Below you can find more information on the Training and Testing Datasets, the Label set and the System evaluation approach. Go to Data and tools to download the Training dataset as well as to access a list of tools and resources provided to the participants to the ITAmoji task.

Train and Test Datasets

The dataset for this task consists of 275,000 tweets in Italian, each one containing one and only one emoji over a set of 25 emojis (see below for more details): 250,000 tweets are provided to the participants as Train Dataset (go to Data and tools to get the data), while the remaining 25,000 tweets are included as part of the Test Dataset.

We randomly selected our set of 275,000 tweets in Italian from the following two collections:

  • Italian tweets issued from October 2015 to February 2018 in Italy, retrieved by means of the Twitter streaming API
  • Italian tweets issued by the followers of the Twitter accounts of the most read Italian newspapers

IMPORTANT: participants have to train their systems exclusively on the 250,000 tweets included in the training dataset. It is not allowed to gather additional tweets to extend the training dataset with more training examples.

Label set

We consider tweets including one and only one emoji in a set of 25 emojis. To refer to each emoji of this set we associate a label (string) - e.g. red_heart, face_with_tears_of_joy, etc. The following table shows the label of each one of the 25 emojis considered in ITAmoji.

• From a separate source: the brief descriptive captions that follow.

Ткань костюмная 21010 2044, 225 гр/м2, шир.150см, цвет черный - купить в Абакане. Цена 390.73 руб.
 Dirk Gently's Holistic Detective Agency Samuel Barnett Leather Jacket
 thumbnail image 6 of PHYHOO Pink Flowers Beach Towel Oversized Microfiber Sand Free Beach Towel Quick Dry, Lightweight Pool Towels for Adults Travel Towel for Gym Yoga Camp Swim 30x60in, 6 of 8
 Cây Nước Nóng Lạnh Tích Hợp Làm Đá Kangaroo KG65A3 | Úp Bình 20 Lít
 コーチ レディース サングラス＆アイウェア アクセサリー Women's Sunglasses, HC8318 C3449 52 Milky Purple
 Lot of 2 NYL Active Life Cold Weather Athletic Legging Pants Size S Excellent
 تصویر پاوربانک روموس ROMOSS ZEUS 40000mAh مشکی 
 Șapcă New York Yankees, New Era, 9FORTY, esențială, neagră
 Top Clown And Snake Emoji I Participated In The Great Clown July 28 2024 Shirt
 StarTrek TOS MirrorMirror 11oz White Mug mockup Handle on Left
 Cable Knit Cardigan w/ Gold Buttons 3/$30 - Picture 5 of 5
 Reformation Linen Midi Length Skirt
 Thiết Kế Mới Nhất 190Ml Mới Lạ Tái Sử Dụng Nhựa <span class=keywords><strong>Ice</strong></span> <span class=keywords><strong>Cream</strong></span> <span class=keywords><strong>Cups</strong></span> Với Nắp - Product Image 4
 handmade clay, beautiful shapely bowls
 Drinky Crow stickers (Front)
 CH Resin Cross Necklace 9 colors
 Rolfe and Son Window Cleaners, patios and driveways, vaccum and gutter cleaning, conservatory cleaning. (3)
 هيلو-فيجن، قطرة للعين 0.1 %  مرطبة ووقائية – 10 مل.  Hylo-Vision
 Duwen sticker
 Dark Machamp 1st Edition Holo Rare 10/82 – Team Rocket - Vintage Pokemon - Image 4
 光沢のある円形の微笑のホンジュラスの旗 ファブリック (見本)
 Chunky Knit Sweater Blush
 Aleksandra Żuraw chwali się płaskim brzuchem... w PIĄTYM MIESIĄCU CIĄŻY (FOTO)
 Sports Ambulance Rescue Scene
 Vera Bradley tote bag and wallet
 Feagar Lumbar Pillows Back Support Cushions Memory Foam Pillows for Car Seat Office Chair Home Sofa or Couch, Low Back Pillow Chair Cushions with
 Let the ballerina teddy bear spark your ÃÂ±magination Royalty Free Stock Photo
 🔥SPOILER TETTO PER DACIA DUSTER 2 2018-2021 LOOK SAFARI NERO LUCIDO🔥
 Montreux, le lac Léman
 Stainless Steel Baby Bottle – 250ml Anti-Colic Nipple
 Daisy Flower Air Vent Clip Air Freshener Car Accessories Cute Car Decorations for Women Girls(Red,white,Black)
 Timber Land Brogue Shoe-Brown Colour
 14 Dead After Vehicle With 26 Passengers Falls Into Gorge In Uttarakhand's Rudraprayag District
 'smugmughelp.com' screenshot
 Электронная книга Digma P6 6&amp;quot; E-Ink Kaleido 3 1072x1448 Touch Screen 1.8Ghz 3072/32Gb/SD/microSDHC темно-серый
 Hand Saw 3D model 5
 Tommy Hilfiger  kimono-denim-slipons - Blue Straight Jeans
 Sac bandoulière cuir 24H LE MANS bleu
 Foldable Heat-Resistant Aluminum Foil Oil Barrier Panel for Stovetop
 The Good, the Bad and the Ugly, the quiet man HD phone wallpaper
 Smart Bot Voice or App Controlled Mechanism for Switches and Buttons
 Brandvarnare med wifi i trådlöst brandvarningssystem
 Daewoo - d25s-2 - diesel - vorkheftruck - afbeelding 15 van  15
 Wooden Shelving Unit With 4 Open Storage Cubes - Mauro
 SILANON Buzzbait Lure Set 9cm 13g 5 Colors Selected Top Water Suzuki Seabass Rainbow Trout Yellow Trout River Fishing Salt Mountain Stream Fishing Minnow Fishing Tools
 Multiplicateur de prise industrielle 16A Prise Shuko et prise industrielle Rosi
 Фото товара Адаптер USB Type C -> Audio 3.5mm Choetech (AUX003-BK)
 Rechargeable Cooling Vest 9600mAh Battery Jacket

In the training dataset, the label of each tweet is specified by the value of the "label" field (more datails on the structure of the training dataset are provided at Data and tools).

The order of emoji labels in this table is from the most to the less frequent in the training dataset.

System evaluation

The evaluation of the emoji prediction systems will be based on the classic Precision and Recall metrics over each emoji. In particular, the final ranking of the participating teams will be based on Macro F-score computed with respect to the most likely emoji predicted given the text of each tweet of the test set. In this way we intend to encourage systems to perform well overall, which would inherently mean a better sensitivity to the use of emojis in general, rather than for instance overfitting a model to do well in the three or four most common emojis of the test data Macro F-score can be defined as simply the average of the individual label-wise F-scores.

Often the semantics of sets of emojis can be similar: as a consequence, to compare with a finer grain the emoji prediction quality of distinct systems, when two systems fail in predicting the right emoji to associate to a tweet, it is important to distinguish between the one that identifies the right prediction among the most likely emojis to be associated to that tweet and system that characterize the right prediction as an emoji that is unlikely to be associated to that tweet. To this purpose, we give ITAmoji task participant the possibility to submit as task results the ordered ranking of the 25 emojis considered in ITAmoji. Besides the Macro F-score, these systems will be evaluated by considering the rank of the right prediction, by relying on Accuracy@5/10/25 and Coverage Error.


In respect to baseline systems, we will consider the following three settings:

  • Baseline 1 ​(majority) This baseline predicts the most frequent class in the training set
  • Baseline 2 ​(weighted random) This baseline is designed to predict emojis randomly, but keeping the prediction class distribution similar to the emoji distribution in the training set 3
  • Baseline 3 (Bag of words) Finally, the most sophisticated baseline will consist on the following: Each text of each tweet will be represented by means of a vector of the most informative tokens (punctuation included), selected using term-frequency*inverse-document-frequency (tf*idf). An L2-regularized logistic regression classifier will be employed to make the ultimate predictions of the most likely emoji to associate to that tweet text.